Solar Cell Short-Circuit Current Density Jsc(IV) and Integral Short-Circuit Current Density Jsc(EQE) Accurate Measurement and Comparison 01Key to Publish in PV Flagship-Journal
In December 2020, Science Magazine published the perovskite/Si tandem solar cell of Helmholtz-Zentrum Berlin (HZB), Germany, with a certified efficiency of 29.15%. This news exploded the entire photovoltaic society! This efficiency not only exceeds the 28% efficiency record of Oxford PV company in the UK, but also represents an important step towards 30% in photovoltaic technology.
We observed three important keys publishing breakthrough-efficiency in flagship-journals in the past five-years.
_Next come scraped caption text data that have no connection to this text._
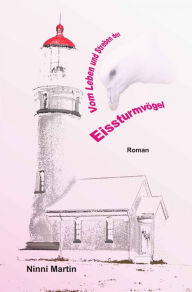 Title: Vom Leben und Streben der Eissturmvögel, Author: Ninni Martin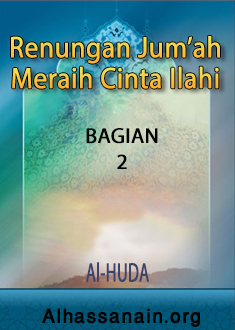Renungan Jumat; Meraih Cinta Ilahi (2)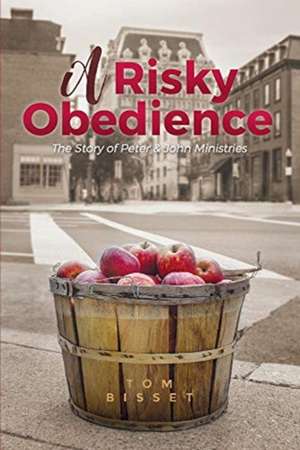 Risky Obedience: The Story of Peter & John Ministries Volume 1 de Tom Bisset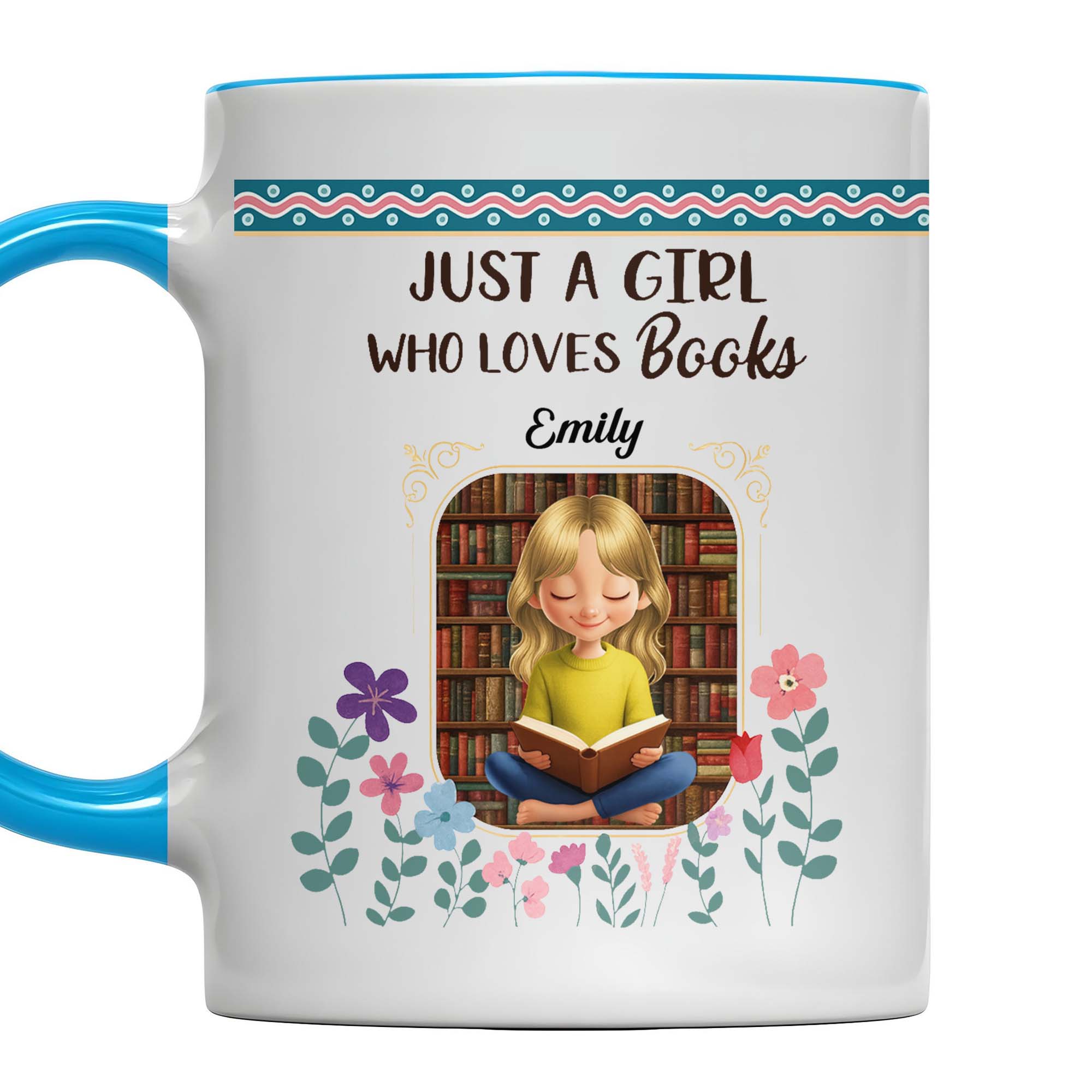 Personalized Just A Girl Who Loves Books Accent Mug Best Gifts For Readers - Image 3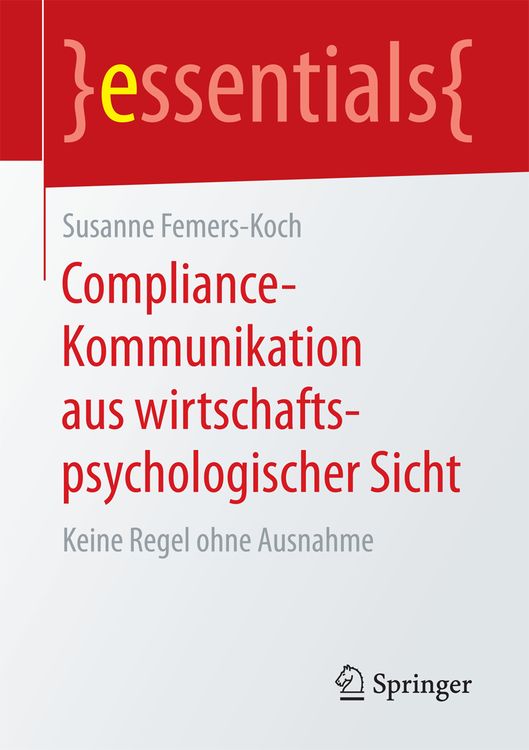 Bild vom Artikel Compliance-Kommunikation aus wirtschaftspsychologischer Sicht vom Autor Susanne Femers-Koch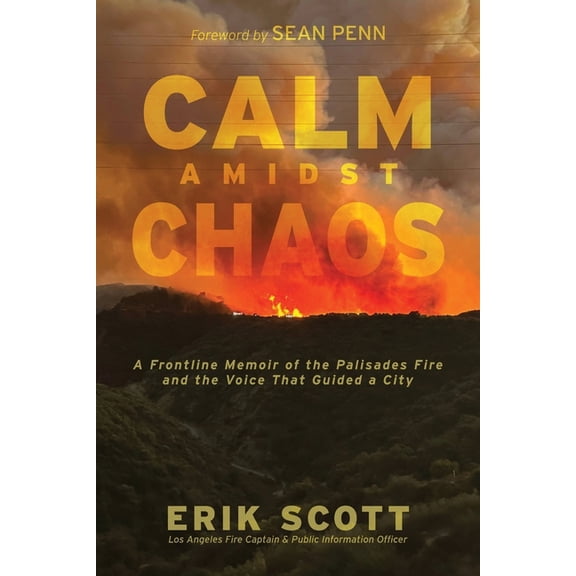 Calm Amidst Chaos: A Frontline Memoir of the Palisades Fire and the Voice That Guided a City, (Paperback)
They are:
- Provide third-party efficiency certification
- Provide the comparison difference (<5%) between Jsc(IV) and Jsc(EQE)
- Provide efficiency statistics histogram chart
The paper which HZB published in the Science also meets these three requirements. The comparison difference between Jsc(IV) and Jsc(EQE) in the article is also less than 5%. Why it is important?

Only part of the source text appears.